Transcribe word for word the section of the records below that opens with the line containing "spider vector icon" and closes with the line containing "甘肃礼县花牛苹果新鲜采摘当季水果宝宝休闲辅食整箱包邮批"; drop every picture.

======== PROVIDED RECORDS

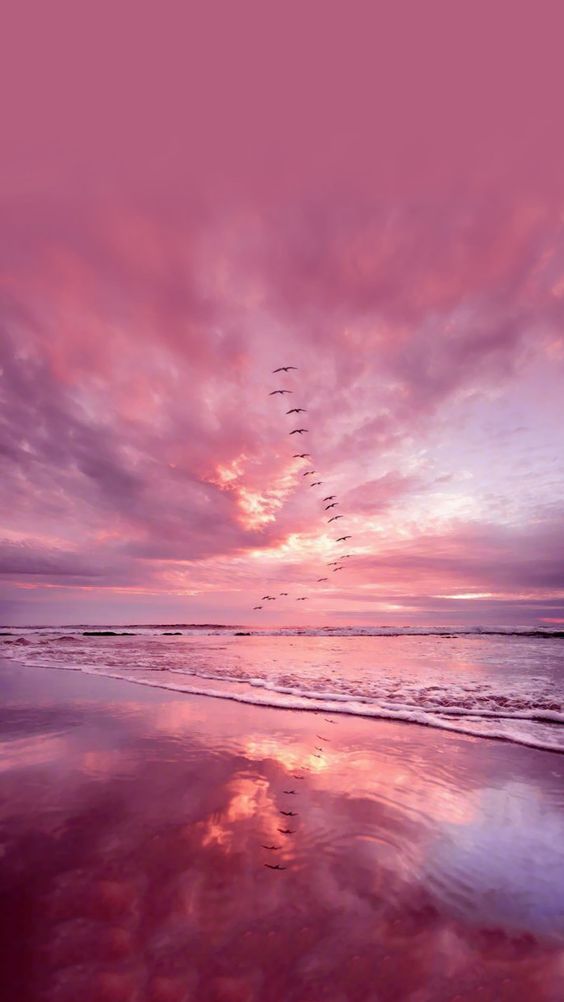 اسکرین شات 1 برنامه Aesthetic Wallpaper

================
======== PROVIDED RECORDS

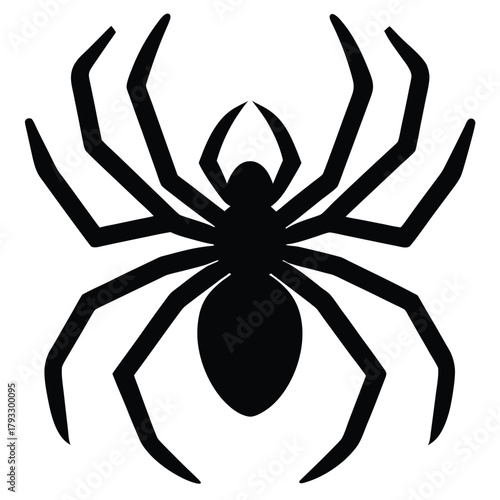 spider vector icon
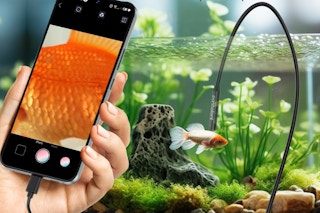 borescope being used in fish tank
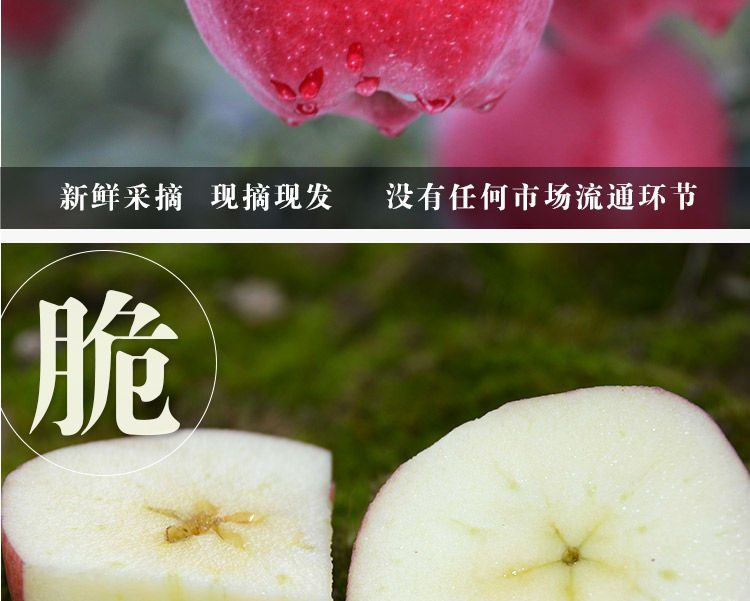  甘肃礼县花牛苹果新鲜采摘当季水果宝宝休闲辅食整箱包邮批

================

--- ANSWER TO THE EXERCISE ---
 spider vector icon
 borescope being used in fish tank
  甘肃礼县花牛苹果新鲜采摘当季水果宝宝休闲辅食整箱包邮批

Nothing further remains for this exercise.